NASSER BOURITA, Minister for Foreign Affairs and Cooperation of Morocco, said the world was at a crossroads, with security under threat from terrorism, extremism, separatist movements and climate change. Globalization and information technology had also had a profound impact, but effective global multilateral organizations could help to solve the challenges confronting the world.
Africa could no longer be regarded as a burden, he said, adding that the continent had not gained its rightful place in collective action to date. Africa should not be dealt with exclusively in terms of assistance, given its human resources, including 1 billion young people, its natural resources and its fertile lands and water. In the view of the King of Morocco, South-South cooperation held promise, he said.

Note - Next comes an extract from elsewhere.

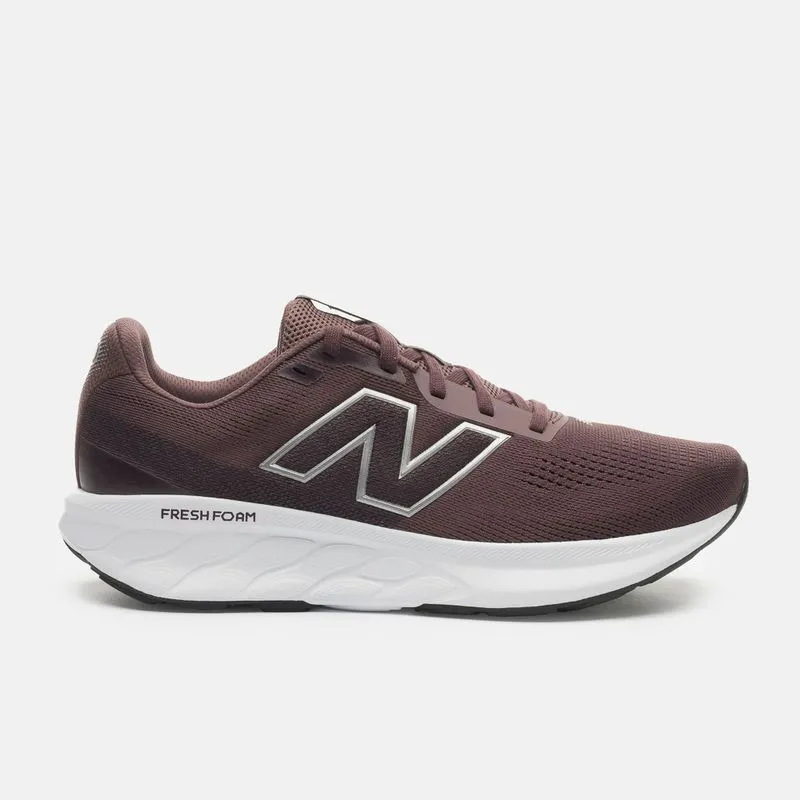 Tênis New Balance Fresh Foam 520 V9 Masculino 38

Emphasizing that Morocco had aligned its national priorities with the United Nations agenda, he said the country was contributing to strong regional cooperation, including by chairing an international forum on migration that sought to draw up proposals looking beyond security concerns to consider the human aspects of that phenomenon He pointed out Morocco’s contribution to six peacekeeping operations and voiced deep concern over irresponsible attacks on peacekeepers, stressing that the perpetrators must be brought to justice. There was need for a new concept of peacekeeping that would put troop-contributing countries at the heart of decision-making, he said.

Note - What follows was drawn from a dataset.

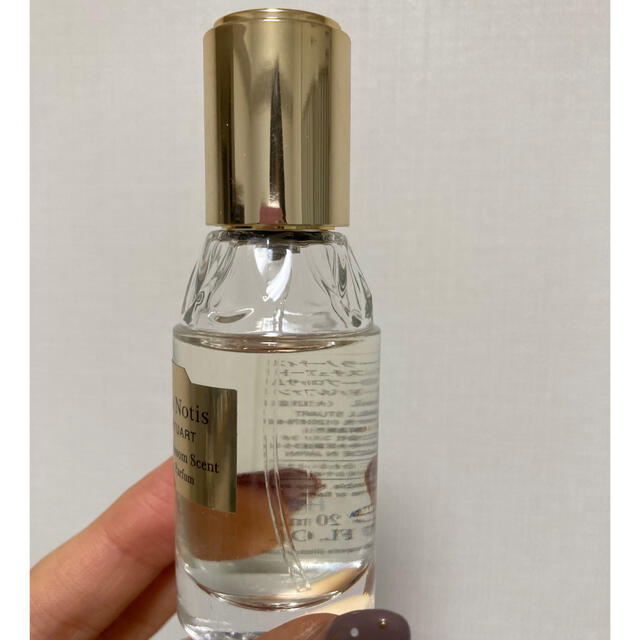 JILLSTUART(ジルスチュアート)のFloraNotisJILLSTUART チェリーブロッサム コスメ/美容の香水(香水(女性用))の商品写真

Concerning the Palestinian question, he noted the efforts of the United States, while emphasizing that Morocco opposed any change to the status of Jerusalem and the Al Aqsa mosque. As for Western Sahara, he reaffirmed his country’s readiness to work with the Secretary-General and his Special Envoy towards a peaceful settlement on that territory, which would maintain Moroccan sovereignty and territorial integrity. He also drew attention to the tragedy of the Tindouf camps and called upon the international community to pressure the relevant host country to allow UNHCR to register everyone all their inhabitants.